SOHO Malta (Sliema) / The Hub (Sliema/Gzira) — Technically coworking spaces rather than cafés, but for anyone who needs guaranteed wifi, power outlets, and a professional desk, these are the reliable options. Hot desks typically cost €15–25/day. Both have café sections that are accessible without a full membership. The Hub has community events and networking opportunities useful for newly arrived expats.

Coworking vs Café: The Honest Comparison

OptionCostWifi ReliabilityPower OutletsBest For
Coffee Circus / Tribe€3–6 (coffee/snack)Variable — good for emails, risky for callsLimitedFocus work, writing, email
Manouche / Jubilee€5–12 (food + coffee)FunctionalSomeMid-day work sessions
SOHO Malta / The Hub€15–25/day hot deskExcellentAbundantVideo calls, focused all-day work, client meetings

Internet in Malta: What to Expect

Malta's home and office internet (GO fibre, Melita cable) is fast — average speeds above 90Mbps. Café wifi is a different story: frequently shared on residential-grade connections that struggle under load. For video calls, a 4G/5G mobile data hotspot from Epic Malta (€15–25/month for 30GB–unlimited) is the reliable backup. 5G is available across Sliema, St Julian's, and Valletta. Having data roaming turned off and a local Epic or GO SIM sorted in the first week is the standard move for new expat workers.

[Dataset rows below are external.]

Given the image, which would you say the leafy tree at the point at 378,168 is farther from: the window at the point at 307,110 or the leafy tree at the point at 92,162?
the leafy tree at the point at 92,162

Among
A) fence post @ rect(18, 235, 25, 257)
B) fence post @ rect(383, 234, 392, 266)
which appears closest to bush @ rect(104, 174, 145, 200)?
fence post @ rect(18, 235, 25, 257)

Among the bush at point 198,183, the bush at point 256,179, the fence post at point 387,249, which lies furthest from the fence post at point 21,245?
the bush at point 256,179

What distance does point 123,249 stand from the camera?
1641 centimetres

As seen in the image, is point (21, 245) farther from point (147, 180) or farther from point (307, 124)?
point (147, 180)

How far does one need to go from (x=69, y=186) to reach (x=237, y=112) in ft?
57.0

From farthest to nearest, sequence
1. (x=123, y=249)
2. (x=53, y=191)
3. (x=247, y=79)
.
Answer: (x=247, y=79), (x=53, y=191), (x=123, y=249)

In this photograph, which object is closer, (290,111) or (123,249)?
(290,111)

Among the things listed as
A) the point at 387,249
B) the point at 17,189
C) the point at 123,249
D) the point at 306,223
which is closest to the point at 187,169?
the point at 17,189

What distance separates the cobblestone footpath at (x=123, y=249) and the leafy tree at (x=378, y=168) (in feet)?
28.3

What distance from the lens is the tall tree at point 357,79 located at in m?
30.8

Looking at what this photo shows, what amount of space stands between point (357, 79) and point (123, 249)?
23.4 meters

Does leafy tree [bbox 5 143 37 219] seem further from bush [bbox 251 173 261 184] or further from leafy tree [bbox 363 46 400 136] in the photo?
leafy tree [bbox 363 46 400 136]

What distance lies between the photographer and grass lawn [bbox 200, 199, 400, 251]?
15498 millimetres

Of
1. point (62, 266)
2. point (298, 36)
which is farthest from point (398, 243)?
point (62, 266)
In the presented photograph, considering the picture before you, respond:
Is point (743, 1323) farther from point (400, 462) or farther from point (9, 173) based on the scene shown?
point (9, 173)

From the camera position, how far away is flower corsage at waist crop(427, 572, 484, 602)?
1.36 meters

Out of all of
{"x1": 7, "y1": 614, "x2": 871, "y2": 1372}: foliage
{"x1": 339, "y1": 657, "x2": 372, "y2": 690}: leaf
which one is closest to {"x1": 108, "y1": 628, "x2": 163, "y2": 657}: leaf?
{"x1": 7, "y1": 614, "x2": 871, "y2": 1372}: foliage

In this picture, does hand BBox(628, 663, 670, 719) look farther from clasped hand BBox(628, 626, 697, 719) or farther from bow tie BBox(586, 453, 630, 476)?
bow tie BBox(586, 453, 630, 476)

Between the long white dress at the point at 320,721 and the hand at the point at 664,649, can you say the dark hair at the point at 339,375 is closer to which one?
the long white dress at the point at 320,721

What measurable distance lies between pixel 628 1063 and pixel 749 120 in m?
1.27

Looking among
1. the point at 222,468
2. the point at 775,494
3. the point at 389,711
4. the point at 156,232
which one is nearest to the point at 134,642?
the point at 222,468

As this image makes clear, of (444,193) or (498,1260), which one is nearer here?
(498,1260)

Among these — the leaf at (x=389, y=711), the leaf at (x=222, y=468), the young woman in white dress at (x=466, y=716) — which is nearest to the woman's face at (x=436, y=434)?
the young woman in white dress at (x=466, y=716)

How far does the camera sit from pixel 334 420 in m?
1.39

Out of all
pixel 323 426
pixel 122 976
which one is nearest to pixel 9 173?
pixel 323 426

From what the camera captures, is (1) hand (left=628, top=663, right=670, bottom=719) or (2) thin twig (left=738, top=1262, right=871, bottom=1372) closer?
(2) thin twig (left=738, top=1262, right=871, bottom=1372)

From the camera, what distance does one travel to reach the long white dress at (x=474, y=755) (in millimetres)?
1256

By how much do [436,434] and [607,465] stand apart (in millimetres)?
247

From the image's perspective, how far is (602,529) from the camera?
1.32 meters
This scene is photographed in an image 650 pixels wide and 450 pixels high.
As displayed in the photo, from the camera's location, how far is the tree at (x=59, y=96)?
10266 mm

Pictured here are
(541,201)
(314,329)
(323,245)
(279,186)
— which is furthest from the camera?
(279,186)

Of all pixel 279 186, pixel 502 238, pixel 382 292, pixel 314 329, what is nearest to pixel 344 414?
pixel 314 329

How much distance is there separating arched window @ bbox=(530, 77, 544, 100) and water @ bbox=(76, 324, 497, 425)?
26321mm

Frequently Asked Questions

What are the best cafes for remote work in Malta?
Tribe (Valletta, specialty coffee, good wifi, popular with nomads), Coffee Circus (multiple locations, excellent coffee, Valletta basement is the working zone), Café Jubilee (open 8am–midnight, reliable, two locations), Manouche (multiple locations, good bakery and wifi). For guaranteed connectivity: SOHO Malta or The Hub (coworking spaces, €15–25/day hot desk).
Is Malta good for digital nomads?
Yes — English as an official language, EU membership, reliable fibre internet in homes and offices, growing coworking scene, and a Nomad Residence Permit for non-EU nationals (€42,000/year income threshold). The main limitations: café wifi is variable (use mobile data backup), housing costs are rising, and the island can feel small after 12–18 months.
How much does coworking cost in Malta?
Hot desk at SOHO Malta or The Hub: approximately €15–25/day, €200–350/month. Dedicated desks run €300–500/month. Private offices available for teams. Both spaces are in the Sliema area, the expat hub. The Hub and SOHO both have café sections accessible without full membership.
What internet speed can I expect in Malta cafes?
Variable — café wifi is typically on shared residential or light commercial connections. Good for email and browsing; risky for HD video calls. Malta's home/office fibre (GO, Melita) delivers 90Mbps+. Solution: get a local SIM with Epic Malta (€15–25/month for good data) and use it as a hotspot backup. 5G covers Sliema, St Julian's, and Valletta.